Não é por acaso que o curso de Medicina da Faculdade Redentor tem promovido a atenção básica entre seus alunos, como conta, ao Mania de Saúde, Dr. Paulo Cavalcante Apratto Junior, Coordenador da Atenção Básica da Redentor e responsável pela disciplina Saúde e Sociedade. “O Brasil está carente de prevenção e promoção de saúde. Isso está muito ligado à falta de informação. Um número enorme de pessoas não sabe como evitar doenças. 50% dos hipertensos, por exemplo, desconhece que têm hipertensão. Dos 50% que sabe, metade, ou grande parte, não faz o tratamento regular, porque não conhece os perigos da doença. Tendo como base a hipertensão, grande parte dos pacientes afastados do trabalho, se tivessem se tratado ou prevenido, não estaria no seguro-desemprego, nem nos hospitais. Ou seja: a atenção básica é capaz de mudar todo um contexto de saúde pública. Por isso ela tem sido a força motriz do nosso curso”, destaca Dr. Paulo.

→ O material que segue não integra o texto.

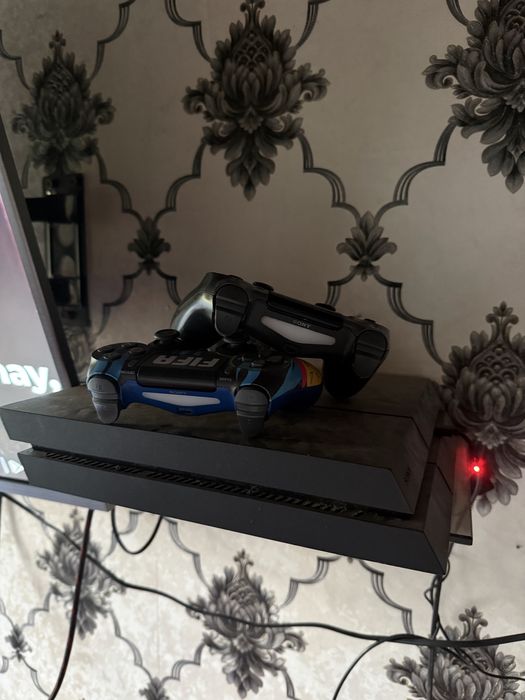 Ps4 500gb 2ta pult original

Ele revela como o curso de Medicina da Redentor tem preparado os alunos dentro dessa visão. “O acadêmico chega até nós sem ter muita noção de como é a saúde. Quando entra nas casas das pessoas e vê a realidade crua, a verdade do Brasil, dos milhões de excluídos, ele se depara com uma outra vida. Isso, inicialmente, choca. É muita gente doente, sem direitos e sem dignidade. Mas, na medida em que o estudante vai conhecendo as famílias, fazendo as intervenções necessárias, ajudando no diagnóstico, encaminhando os pacientes para o posto de saúde, ele passa a entender as particularidades das pessoas e como os direitos mínimos delas não são atendidos. O aluno passa a compreender os determinantes sociais do adoecimento. No que isso resulta? Na humanização. Ele percebe os fatores que intervém na questão da doença. Quando o aluno começar a frequentar hospitais, vai ficar mais fácil, porque ele já conhece a vida da pessoa e vai se atentar para a história dela, se preocupar se o paciente pode comprar o remédio, se ele tem condições de completar o tratamento, quais são os hábitos de vida etc. Com isso, o foco não será somente a doença, mas a pessoa. A atenção básica no curso de medicina tem esse objetivo. Ela ajuda a prevenir as doenças ao mesmo tempo em que dá ao futuro médico um olhar muito mais amplo e humanizado da profissão”, finalizou.